Las decapitaciones son ungrandeparte deLa tension, pero también lo es el drama humano, incluso si suele ir acompañado de montañas de sangre y tripas. A Eph y Setrakian se unen en su misión la colega y ex amante de Eph, la Dra. Nora Martinez (Mia Maestro), el erudito exterminador ruso-estadounidense Vasiliy Fet (Kevin Durand), el hermoso pirata informático Dutch Velders (Ruta Gedmintas) y el hijo de Eph, Zach. (Max Charles), cuya madre, ahora una mamá vampiro para una camada de niños araña que se arrastran por las paredes, quiere reclamarlo para el Maestro. Son como un equipo A más sucio, repleto de adicciones al alcoholismo, complejos parientes y tensiones románticas que complican sus diversas tareas. Y a diferencia deLos muertos vivientes,La tensionno detiene su locura sobrenatural por episodios inertes centrados en el personaje; desarrolla los problemas interpersonales de sus protagonistas al mismo tiempo que los hace exterminar a los enemigos con dagas, pistolas y granadas de plata, asegurándose así de que el impulso esté siempre en un punto álgido.

Como si eso no fuera suficiente, hay una trama secundaria que involucra a un intrépido ex convicto latino llamado Gus (Miguel Gómez), quien sin saberlo transportó al Maestro a la Gran Manzana y ahora está trabajando del lado del bien junto a un viejo.luchadora(es decir, luchador mexicano enmascarado) que una vez protagonizó películas de terror de grado B. Y también hay una raza de 'Ancianos' parecidos a Dios que quieren detener al Maestro, un antiguo miembro desobediente de su clan que aparentemente se lanzó por su cuenta para lograr la dominación mundial.
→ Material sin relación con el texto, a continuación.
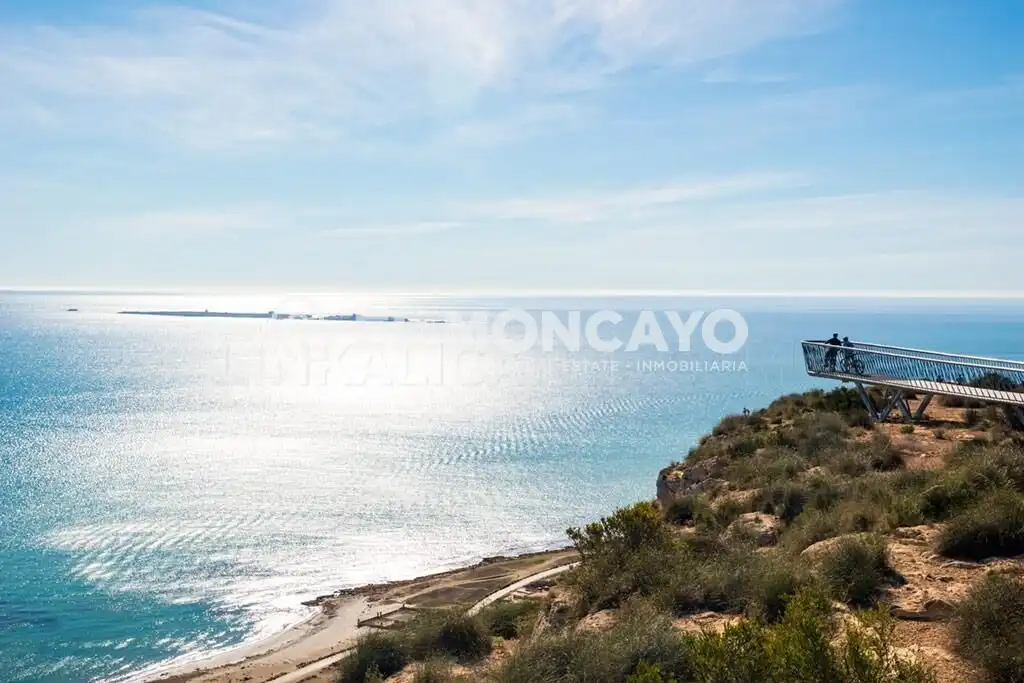 Apartamento en venta en Santa Pola con Terraza y Amueblado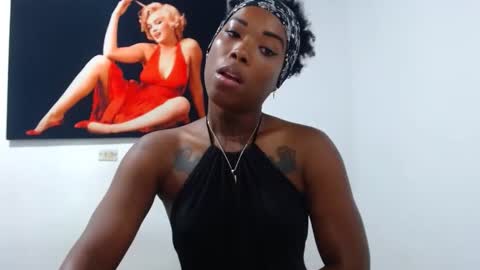 Snapshot of alexia_sinclaire24 chatting on 10/26/25, 11:20 alexia_sinclaire24 online show from 10/26/25, 11:20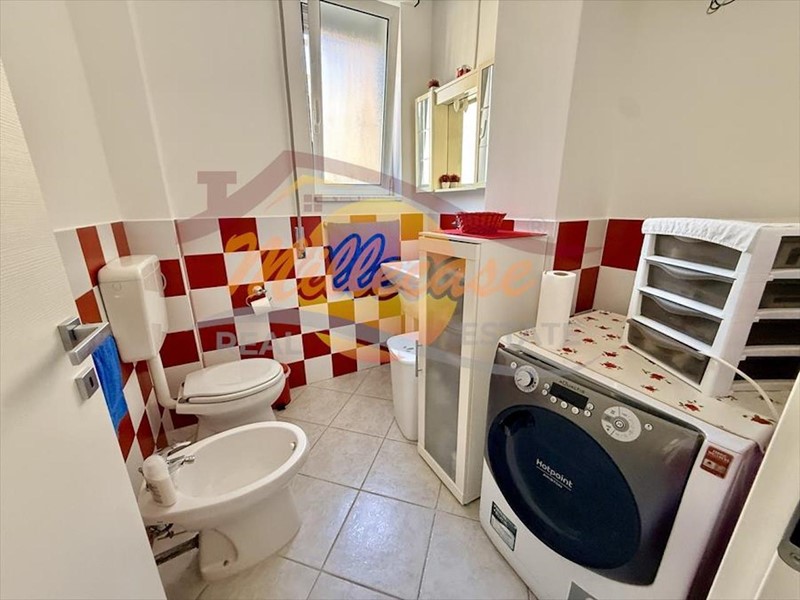 Quadrilocale in Vendita a Siracusa, zona Tisia - Tica - Zecchino, 130'000&euro;, 110 m²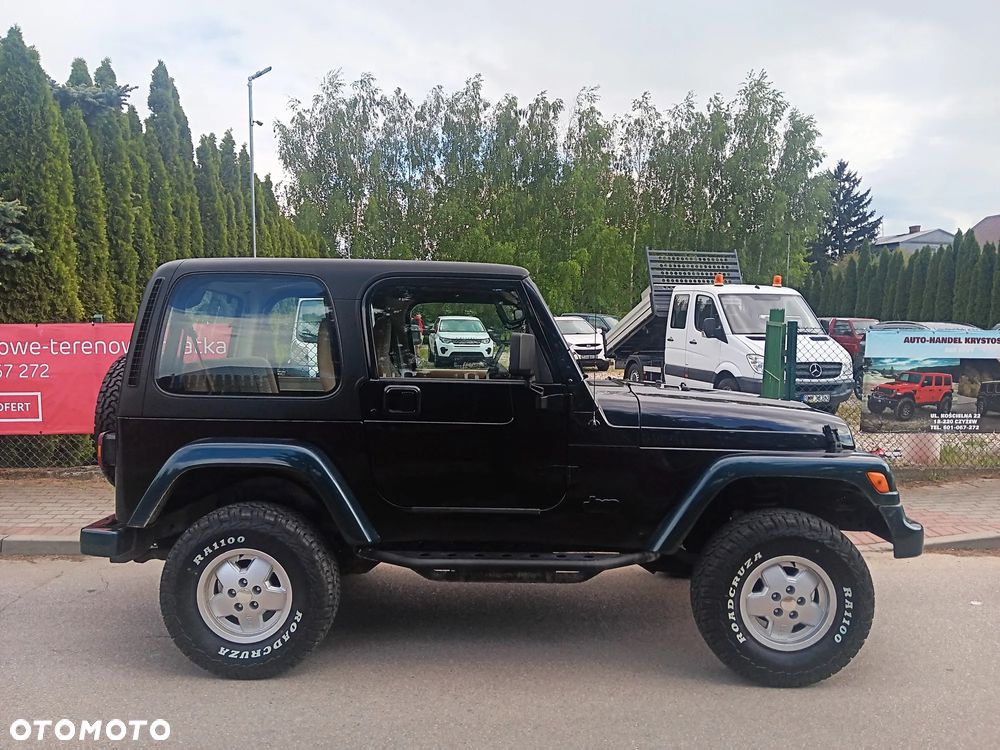 Jeep Wrangler - 3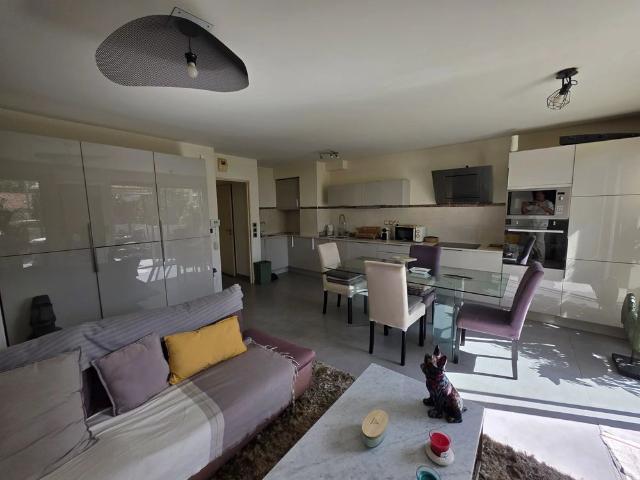 Location Appartement 2 pièces 57m² MARSEILLE 10ème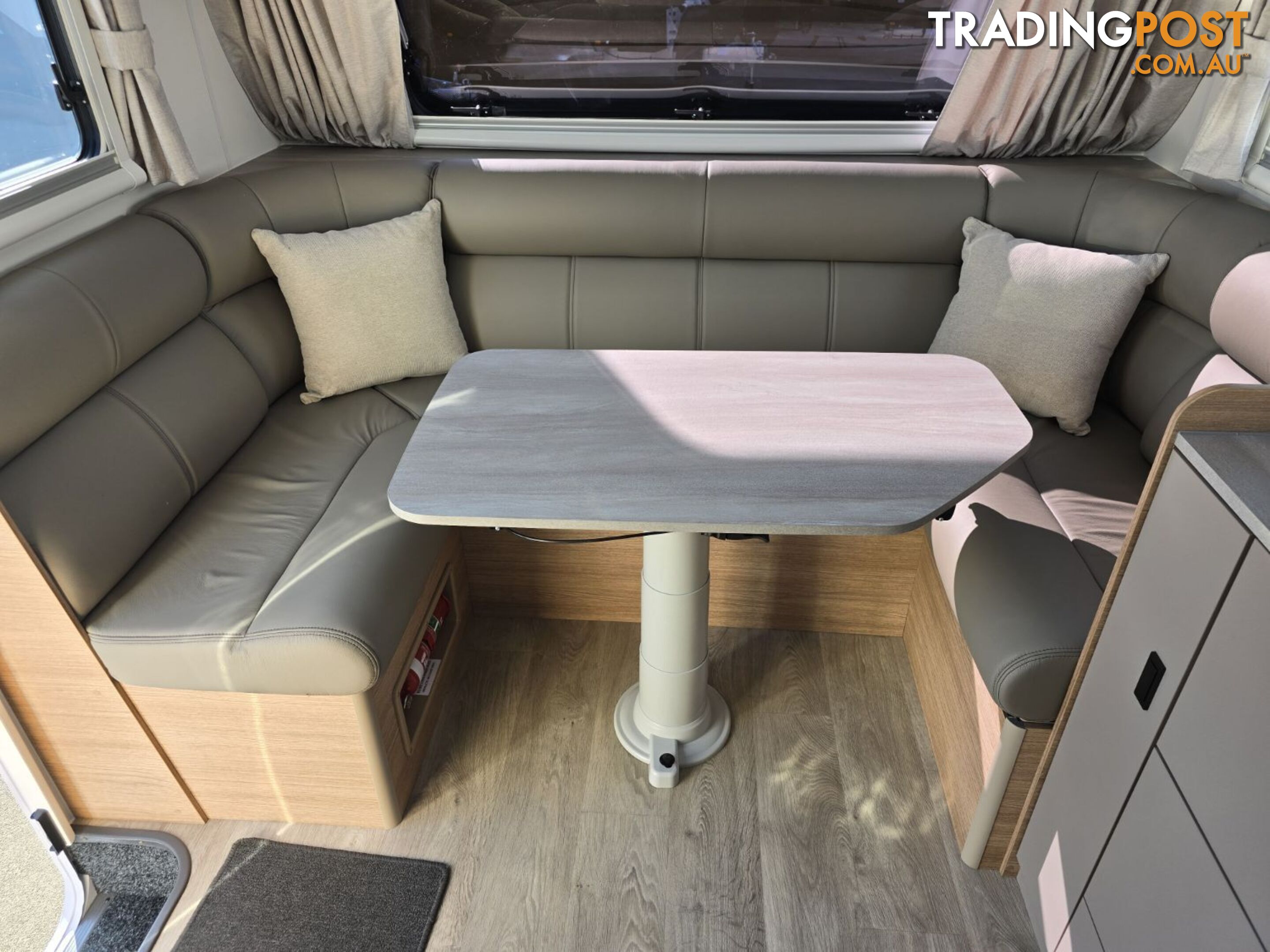 2024  JAYCO SILVERLINE  21.65-3.OB.SL-MY24 CARAVAN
YentoncesEstá el centenario Quinlan (Rupert Penry-Jones), un asesino mitad humano, mitad vampiro que, presentado en los episodios más recientes del programa, empuña una espada con mango de hueso y ha estado pateando traseros desde antes de los días del gladiador de Roma. pozos.
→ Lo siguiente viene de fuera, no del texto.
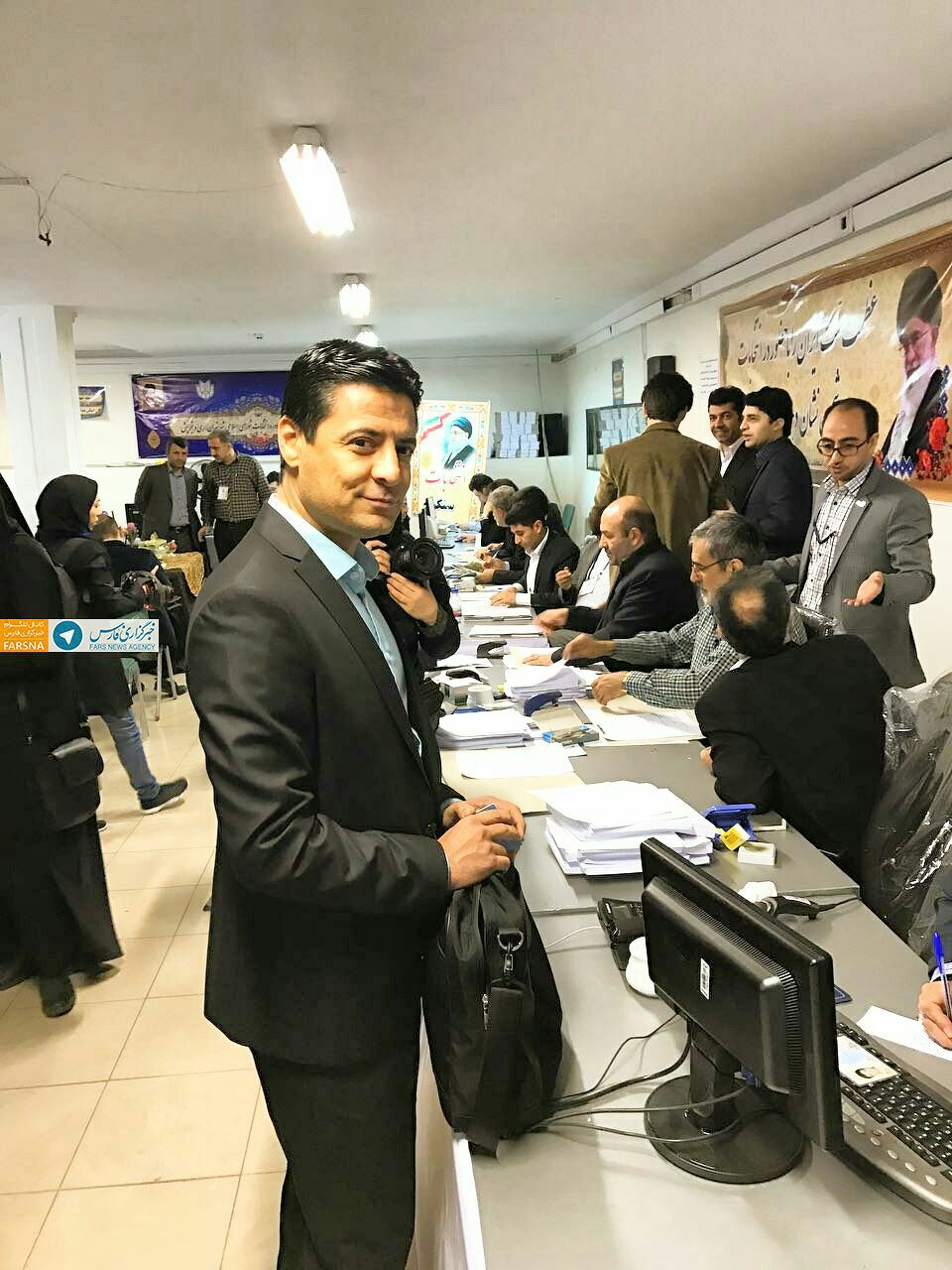 علیرضا فغانی هم در انتخابات شورای شهر ثبت نام کرد! +عکس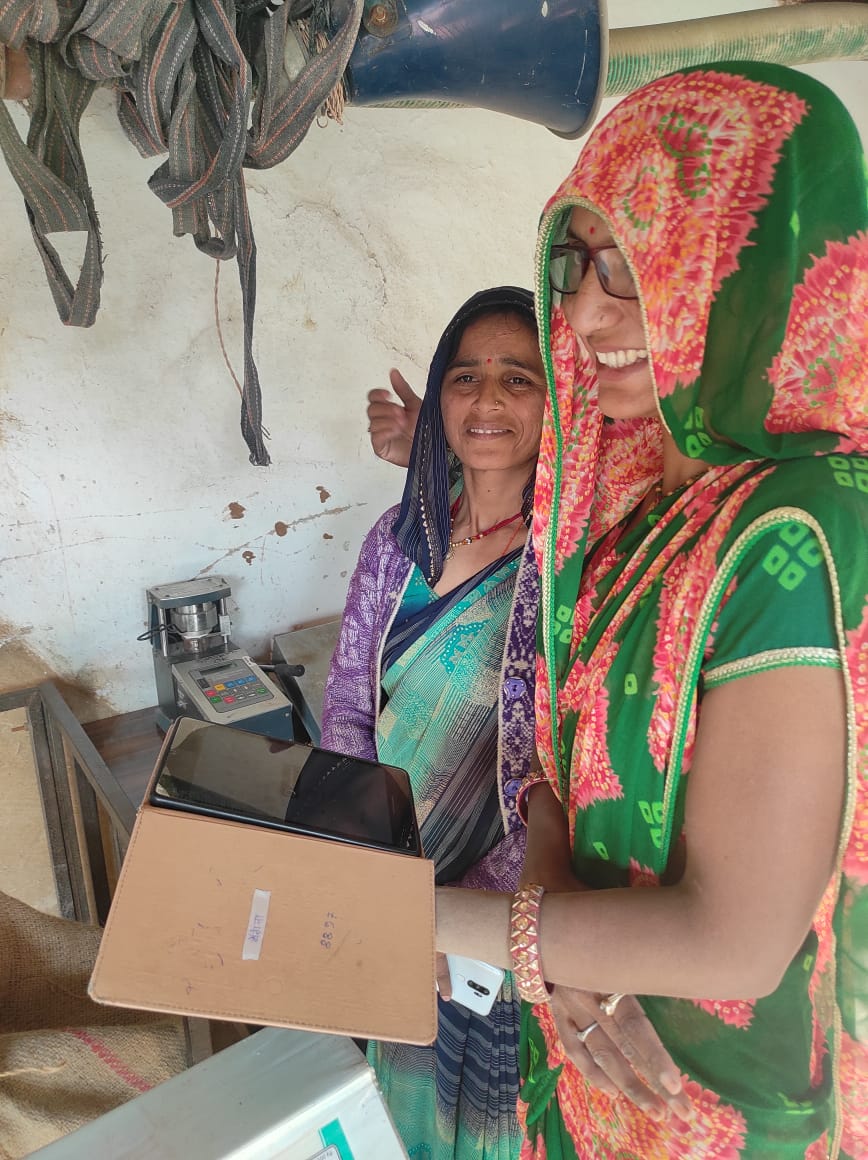 FDRVC1's tweet photo. In the ongoing Kharif procurement season, Sunita Kumari Meena has bought 30,246 kgs of #Soybean &amp; #Mustard at her D3C and earned Rs. 17,082 as commission from the #FPO. 
#valueforindia https://t.co/L1jnVrQM4O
Mezclando alegremente la realidad y la mitología, pasando entre las brillantes torres de poder y el húmedo inframundo donde anidan las alimañas, y complaciéndose en un caos desbordante al mismo tiempo que aborda las infidelidades, los miedos, las debilidades y el desinterés de sus héroes, todo ello dirigido por Stoll, el comandante. , carismático centro de gravedad alrededor del cual se arremolina tal caos—La tensiones un espectáculo que nunca opta por menos cuando más es posible. Y a medida que avanza a toda velocidad hacia el final de octubre de su segunda temporada, continúa demostrando que más —más tradición, más amor y mucho más sangre— es posible casi todo el tiempo.